Search code examples
regexgoogle-chromecmdvbscript

Download HTML page source using VBS - Chrome - CMD and regex


I am trying to download HTML source code using VBS & Chrome, save it to local disk and extract the text between two words (startString - endString) using regex.
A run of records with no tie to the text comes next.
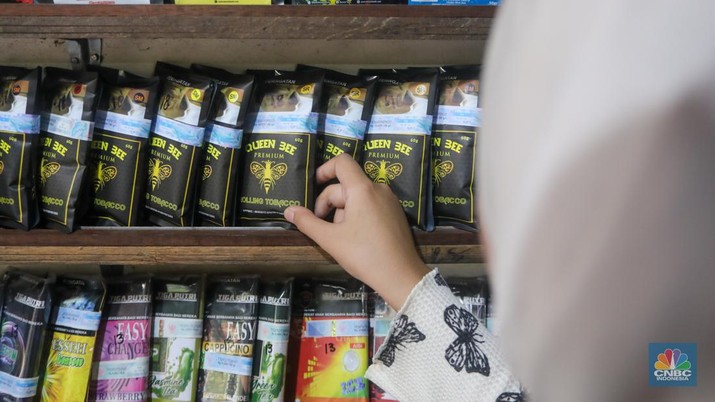 Penjual tembakau linting di toko Kedai Tembakau, Jakarta, Kamis (13/6/2024). Usaha tembakau linting yang dirintis sejak 2021 tersebut menjadi alternatif pilihan bagi perokok di kenaikan harga rokok konvensional. (CNBC Indonesia/Faisal Rahman)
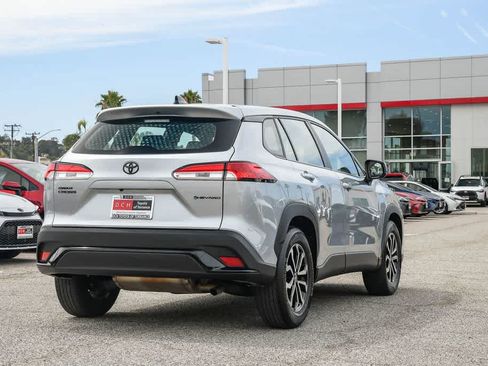 Used 2025 Toyota Corolla Cross AWD Hybrid image 7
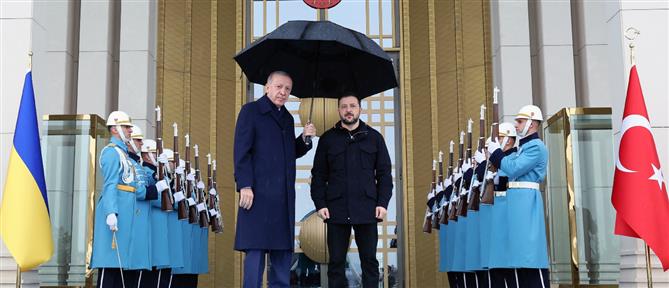 Τηλεφωνική επικοινωνία Ερντογάν - Ζελένσκι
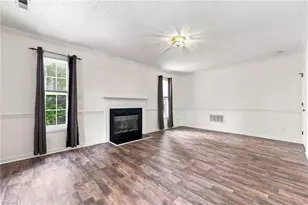 4902 Heritage Woods Ct, Greensboro, NC 27407 - Photo 6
This is what I have:

'run cmd command
Set oShell = WScript.CreateObject("WScript.Shell")
oShell.Run "cmd c: & cd Program Files\Google\Chrome\Application>chrome.exe --headless --dump-dom --enable-logging --disable-gpu https://google.com >C:\temp\source.txt"
'read txt
Dim objFile, fso
Set fso = CreateObject("Scripting.FileSystemObject")
Set objFile = fso.OpenTextFile("C:\temp\source.txt", ForReading)
'RegEx 
Dim objRegExp
Set objRegExp = New RegExp 'Set our pattern
objRegExp.Pattern = "(^.*;startString=)(.*)(;endString.*)"
objRegExp.IgnoreCase = True
objRegExp.Global = True 
Do Until objFile.AtEndOfStream 
 strSearchString = objFile.ReadLine
 Dim objMatches
 Set objMatches = objRegExp.Execute(strSearchString)
 If objMatches.Count > 0 Then
  out = out & objMatches(0) &vbCrLf
  WScript.Echo "found"
 End If
Loop
WScript.Echo out
objFile.Close

Issue 1: I have problems with CMD and VBS, if I open the console,navigate to C: and Chrome.exe the command is working fine. Issue2: out Echo always empty


Solution

  • The code can be simplified by using InStr, instead of RegExp. Additionally, as indicated in the comments, the Run command in the original code is missing /c, unnecessarily changes directory, and is missing bWaitOnReturn. Also note that WScript.Echo will fail to show anything if the string to be displayed exceeds 64K. MsgBox will always show the first 1023 characters of the string. Here's the code rewritten to use InStr:

    Set oWSH = WScript.CreateObject("WScript.Shell")
    oWSH.Run "Cmd.exe /c ""C:\Program Files\Google\Chrome\Application\chrome.exe"" --headless --dump-dom --enable-logging --disable-gpu https://google.com >C:\temp\source.txt",,True
    Set oFSO = CreateObject("Scripting.FileSystemObject")
    Contents = oFSO.OpenTextFile("C:\temp\source.txt").ReadAll
    StartString = "https://store.google.com"
    EndString = "https://mail.google.com"
    StartPos = InStr(Contents,StartString)
    FoundText = ""
    If StartPos>0 Then
      EndPos = InStr(StartPos,Contents,EndString)
      If EndPos > StartPos Then FoundText = Mid(Contents,StartPos,EndPos-StartPos+Len(EndString))
    End If
    WScript.Echo FoundText